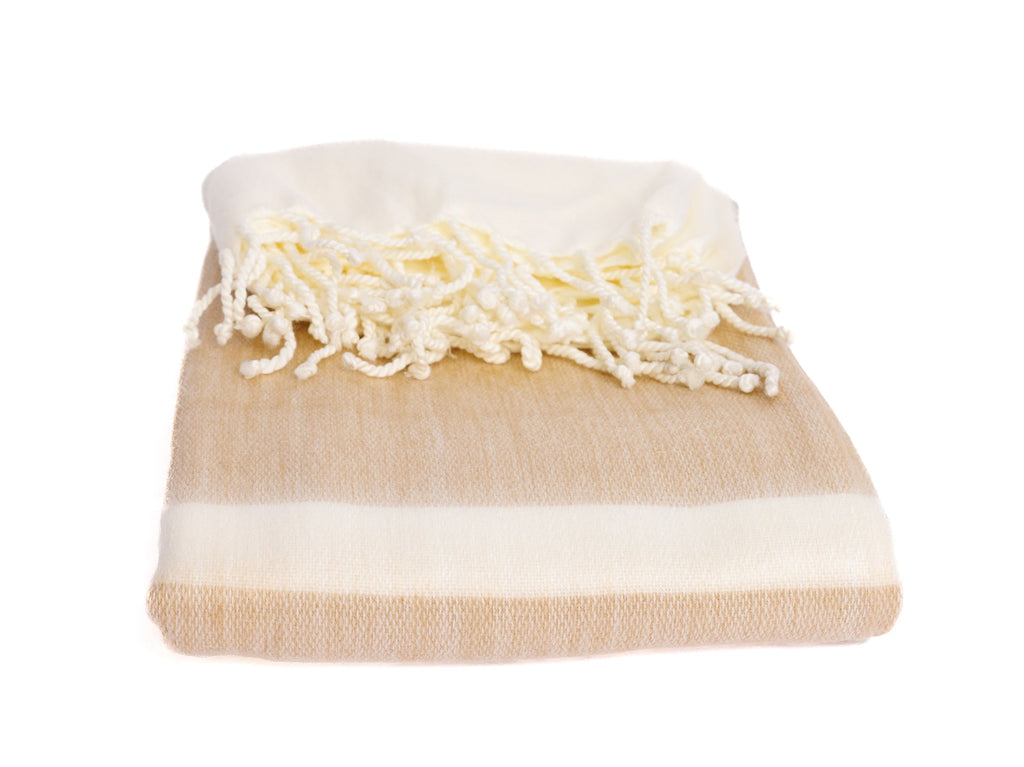 Kallpa Collection - Handwoven Natural Tobacco & Wheat Alpaca Throw Blanket from Ecuador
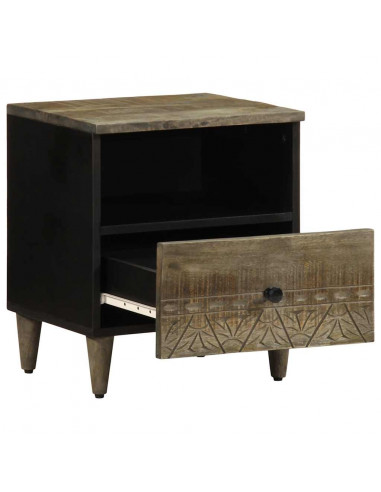 Comodino Grigio Chiaro 40x33x46 cm in Legno Massello di Mango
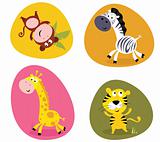 Illustration set of cute safari animals: monkey, tiger, giraffe and zebra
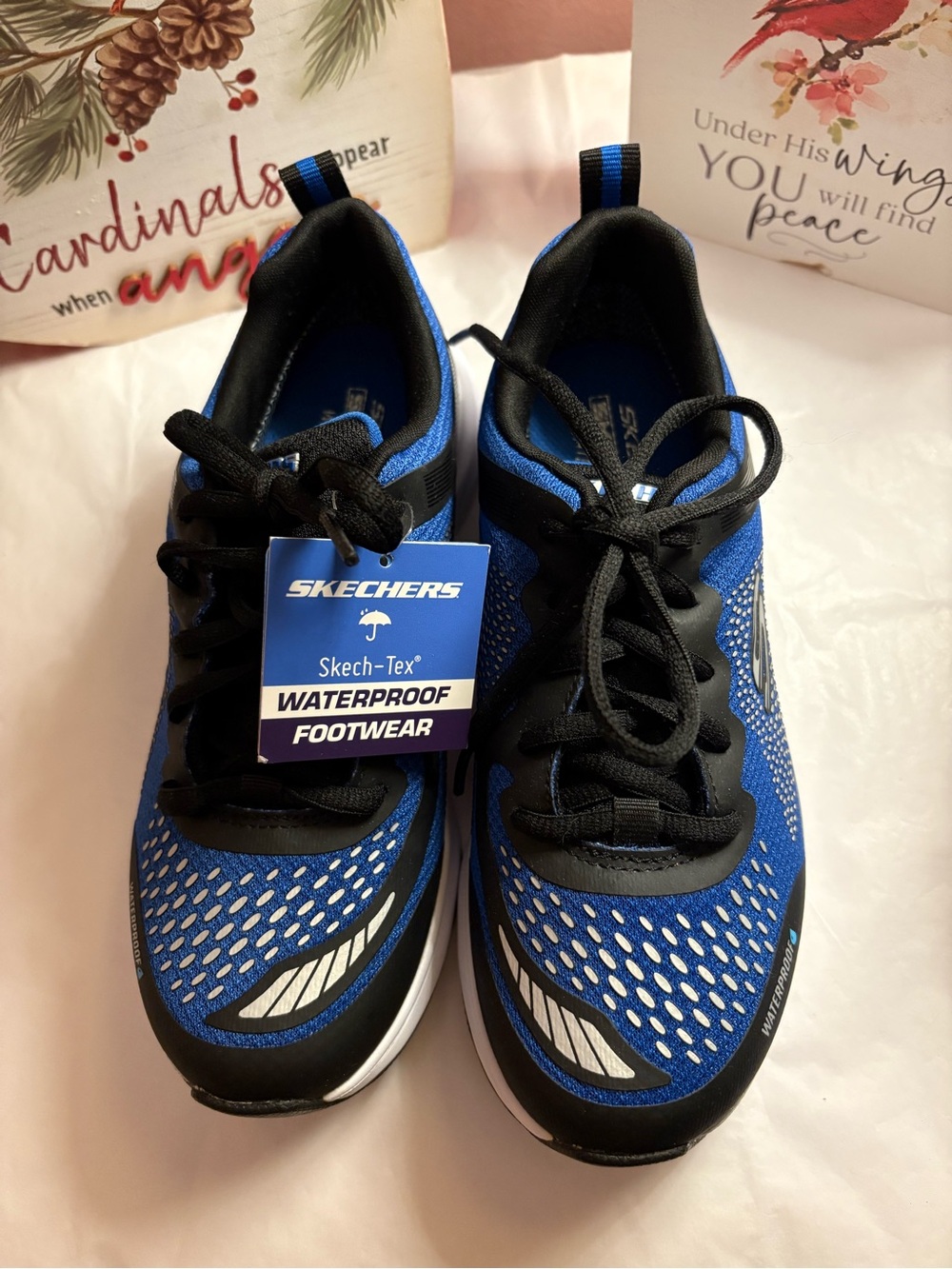 Skechers Kids Blue and Black Waterproof Athletic Sneakers
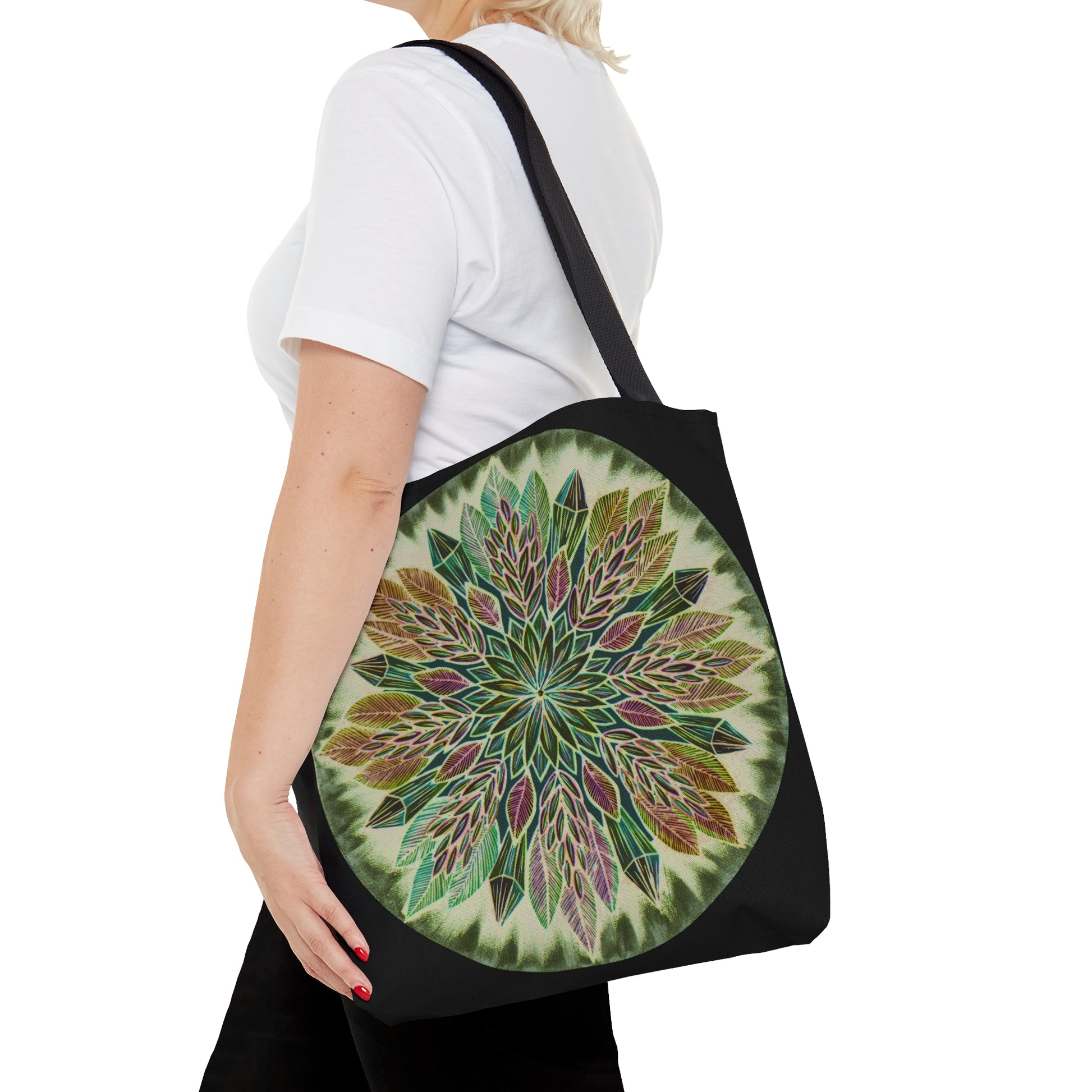 "Krystalhoja Verde" Tote Bag (All-Over-Print) - Blue Flame Array Medium Bags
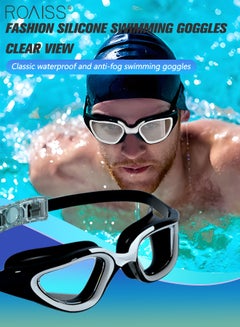 Buy Swim Goggles for Adult with Soft Silicone Gasket, Anti-fog No Leaking Clear Vision Pool Goggles, Swimming Glasses for Men Women, Black White in UAE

■ Task details:
Leave the pictures aside and output each entry exactly as it stands.

■ Result for this exercise:
 Kallpa Collection - Handwoven Natural Tobacco & Wheat Alpaca Throw Blanket from Ecuador
 Comodino Grigio Chiaro 40x33x46 cm in Legno Massello di Mango
 Illustration set of cute safari animals: monkey, tiger, giraffe and zebra
 Skechers Kids Blue and Black Waterproof Athletic Sneakers
 "Krystalhoja Verde" Tote Bag (All-Over-Print) - Blue Flame Array Medium Bags
 Buy Swim Goggles for Adult with Soft Silicone Gasket, Anti-fog No Leaking Clear Vision Pool Goggles, Swimming Glasses for Men Women, Black White in UAE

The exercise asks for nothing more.